Alotnya Negosiasi Israel-Hizbullah Lebanon, Netanyahu Tak Mau Prancis Ikut Campur
Alotnya negosiasi gencatan senjata Israel dan Hizbullah di Lebanon. Perdana Menteri Israel Netanyahu tidak mau Prancis ikut campur sebagai penengah.
Penulis: Yunita Rahmayanti
Editor: Garudea Prabawati
TRIBUNNEWS.COM - Surat kabar Channel 12 menerbitkan poin-poin perselisihan yang tersisa antara Israel dan Hizbullah di Lebanon untuk mencapai gencatan senjata di perbatasan mereka.
Salah satu isu kontroversial adalah desakan Israel agar Prancis tidak menjadi bagian dari perjanjian tersebut atau menjadi anggota komite internasional yang akan memantau implementasi perjanjian tersebut.
“Hal ini disebabkan oleh permusuhan yang nyata terhadap Israel dalam beberapa bulan terakhir di bawah pemerintahan Presiden Emmanuel Macron,” lapor Channel 12, Jumat (22/11/2024).
Sebelumnya, Presiden Prancis Emmanuel Macron, berulang kali menyerukan embargo senjata terhadap Israel, menggambarkannya sebagai jalan untuk mengakhiri perang, yang memicu krisis diplomatik.
Perdana Menteri Israel, Benjamin Netanyahu mengatakan Emmanuel Macron bertindak memalukan karena menyerukan embargo senjata ke Israel.
Selain itu, perselisihan lainnya termasuk sengketa tanah di 13 titik sepanjang perbatasan antara Israel dan Lebanon.

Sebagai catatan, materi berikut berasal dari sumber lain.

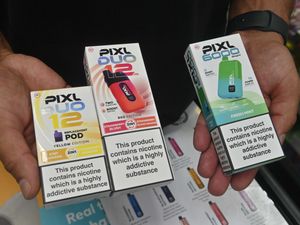 Supporting image for story: 'Some will miss the convenience' - Fears new ban on disposable vapes will see Shropshire vapers take up smoking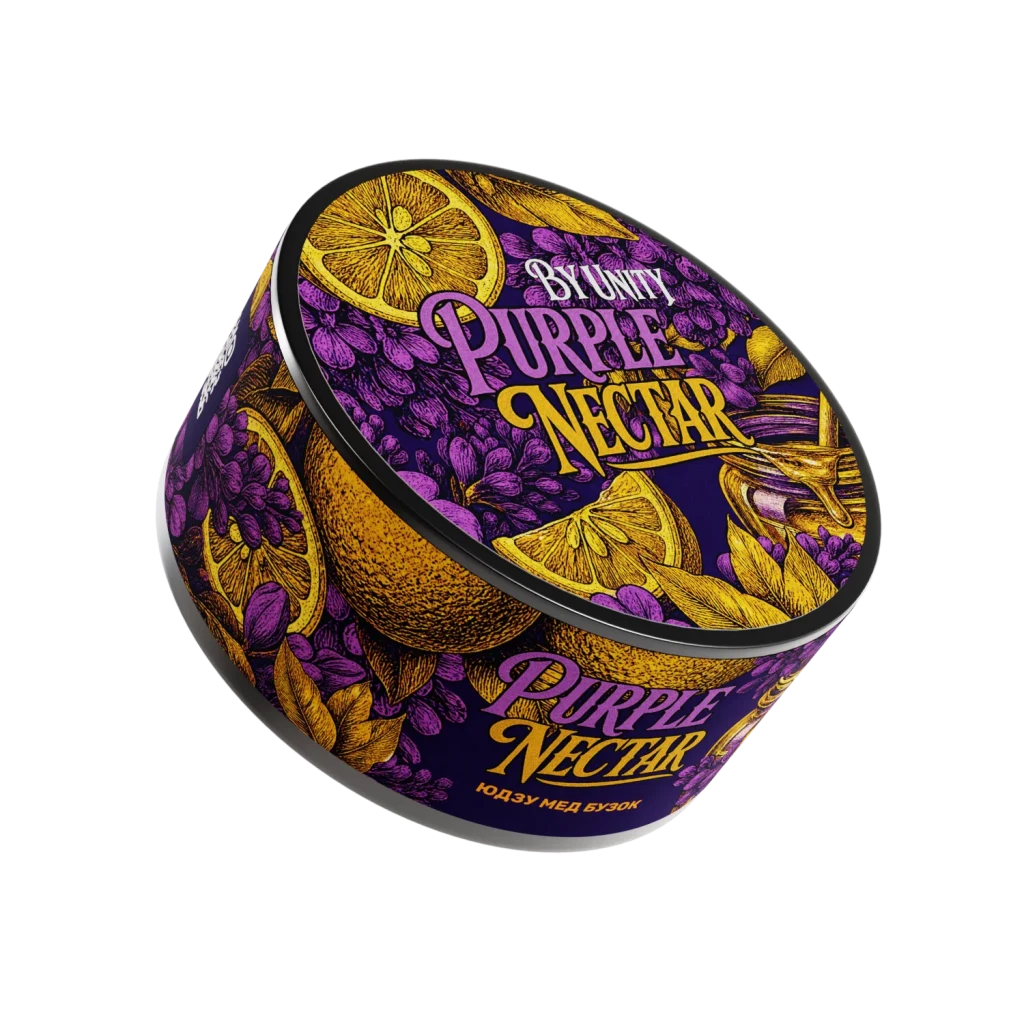 Unity NEW Юдзу, Мед, Бузок - Purple nectar 100г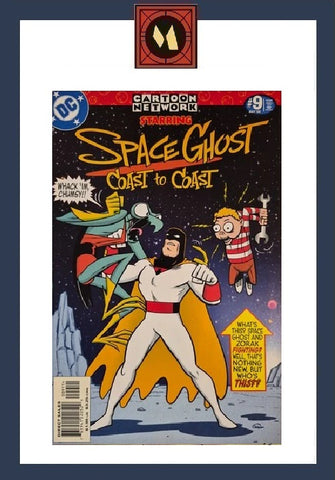 Space Ghost: Coast To Coast #9 - DC Comics - 2000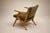 Brazilian Modern Armchair by José Zanine Caldas in Pau Marfim & Dedar Velvet, 1950s For Sale - Image 13 of 18
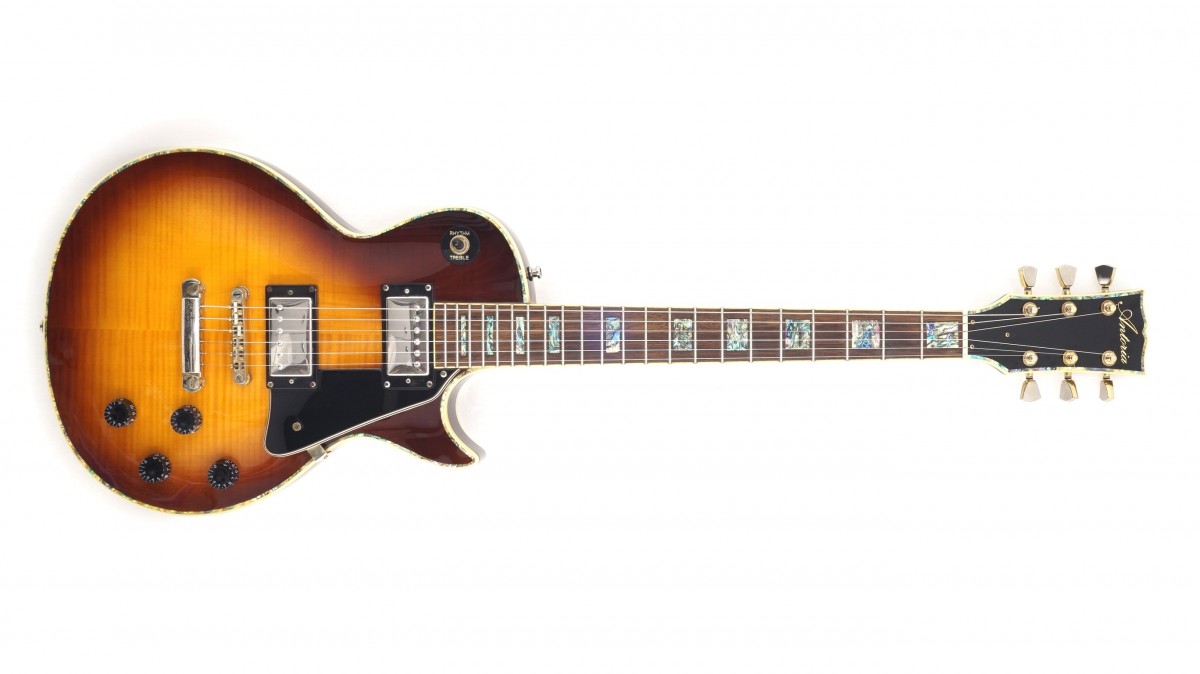 Antoria Les Paul Custom Reissue (Sunburst)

Adapun 13 titik sengketa tanah itu berada di sepanjang Garis Biru antara Lebanon dan wilayah yang diduduki Israel pada tahun 1948, mulai dari titik B1 di wilayah Naqoura, melewati beberapa titik lain di dekat pemukiman Shlomi, Hanita, Shomra, Avivim, Yiftah, Kiryat Shmona dan lainnya selain konflik desa Ghajar dan Peternakan Shebaa.
Laporan Channel 12 menyebut Israel menghindari pembicaraan mengenai sengketa tanah tersebut.
"Israel menuntut formula dalam perjanjian yang memungkinkannya memilih untuk tidak melakukan negosiasi mengenai poin-poin yang disengketakan secara sepihak," lapor surat kabar itu.
“Lebanon setuju bahwa Amerika Serikat (AS) akan mengeluarkan pesan yang mendukung kebebasan bertindak Israel di Lebanon untuk melawan ancaman yang akan terjadi, namun mengenai masalah transfer senjata di Lebanon belum disepakati," lanjutnya.
Sementara itu seorang pejabat senior Israel mengatakan kepada Channel 12, "Sebagian besar rincian telah disepakati, namun yang masih terbuka adalah masalah yang sangat sensitif yang dapat menggagalkan perjanjian.”
Baca juga: Naim Qassem Pilih Bungkam soal Isi Negosiasi Hizbullah-Israel: Semua Tergantung Kondisi di Lapangan
Sejak 8 Oktober 2023, Hizbullah mendukung perlawanan Palestina, Hamas, dan terlibat pertempuran dengan Israel di perbatasan Lebanon selatan dan Israel utara, wilayah Palestina yang diduduki.
Hizbullah bersumpah akan berhenti menyerang Israel jika Israel dan Hamas mencapai kesepakatan gencatan senjata di Jalur Gaza.
Selain di Jalur Gaza, Israel memperluas serangannya ke Lebanon selatan sejak Senin (23/9/2024) dengan dalih menargetkan Hizbullah.
Jumlah korban tewas di Lebanon akibat serangan Israel sejak 23 September 2023 telah meningkat menjadi lebih dari 3.516 orang, menurut Kementerian Kesehatan Lebanon.
Jumlah Korban di Jalur Gaza
Israel yang didukung Amerika Serikat dan sejumlah negara Eropa masih melancarkan agresinya di Jalur Gaza.
Jumlah kematian warga Palestina meningkat menjadi lebih dari 44.056 jiwa dan 104.268 lainnya terluka sejak Sabtu (7/10/2023) hingga Kamis (21/11/2024) menurut Kementerian Kesehatan Gaza, dan 1.147 kematian di wilayah Israel, dikutip dari Anadolu Agency.
Sebelumnya, Israel mulai menyerang Jalur Gaza setelah gerakan perlawanan Palestina, Hamas, meluncurkan Operasi Banjir Al-Aqsa pada Sabtu (7/10/2023), untuk melawan pendudukan Israel dan kekerasan di Al-Aqsa sejak pendirian Israel di Palestina pada tahun 1948.
Israel mengklaim, ada 101 sandera yang hidup atau tewas dan masih ditahan Hamas di Jalur Gaza, setelah pertukaran 105 sandera dengan 240 sandera Palestina pada akhir November 2023.